▶ _Aim of the task_
In this exercise, print only the lines of the records below from the one with "Mum you're bloomin'" through the one with "fluminense x cuiaba ao vivo", inclusive. Pictures are not part of the copy.

--- Provided data ---

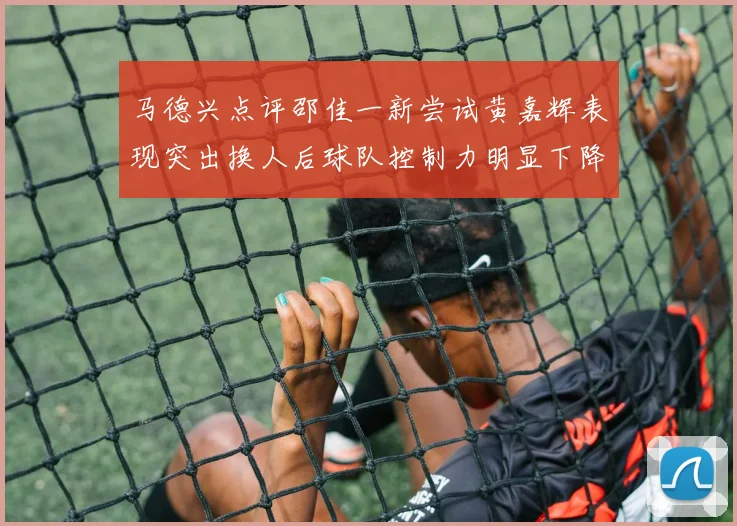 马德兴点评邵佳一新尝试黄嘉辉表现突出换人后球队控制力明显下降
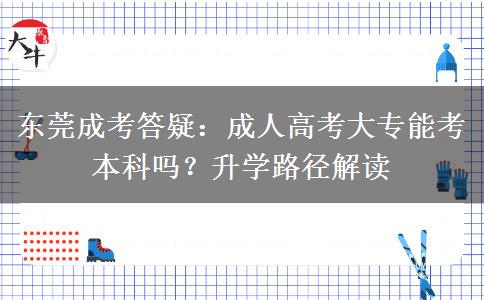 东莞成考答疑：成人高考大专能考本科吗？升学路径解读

---
--- Provided data ---

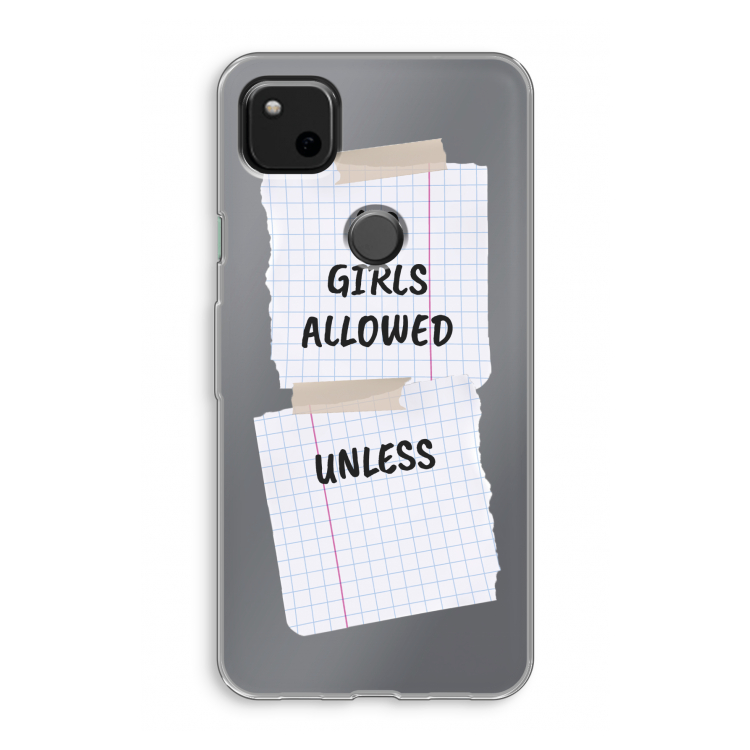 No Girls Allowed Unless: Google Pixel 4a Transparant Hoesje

---
--- Provided data ---

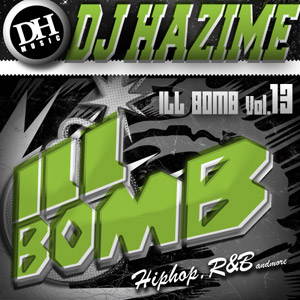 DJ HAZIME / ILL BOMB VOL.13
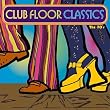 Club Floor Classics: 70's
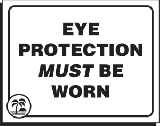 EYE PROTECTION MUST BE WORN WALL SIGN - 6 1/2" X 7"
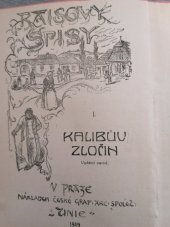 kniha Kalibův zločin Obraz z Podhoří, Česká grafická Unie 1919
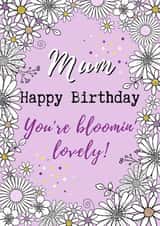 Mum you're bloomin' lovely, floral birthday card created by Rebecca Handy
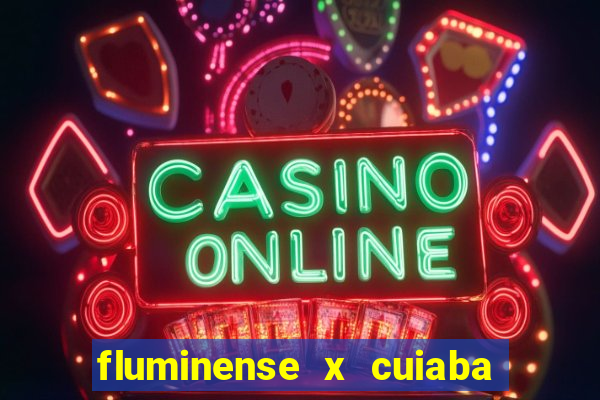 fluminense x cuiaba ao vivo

---

▶ _Response below_
 Mum you're bloomin' lovely, floral birthday card created by Rebecca Handy
 fluminense x cuiaba ao vivo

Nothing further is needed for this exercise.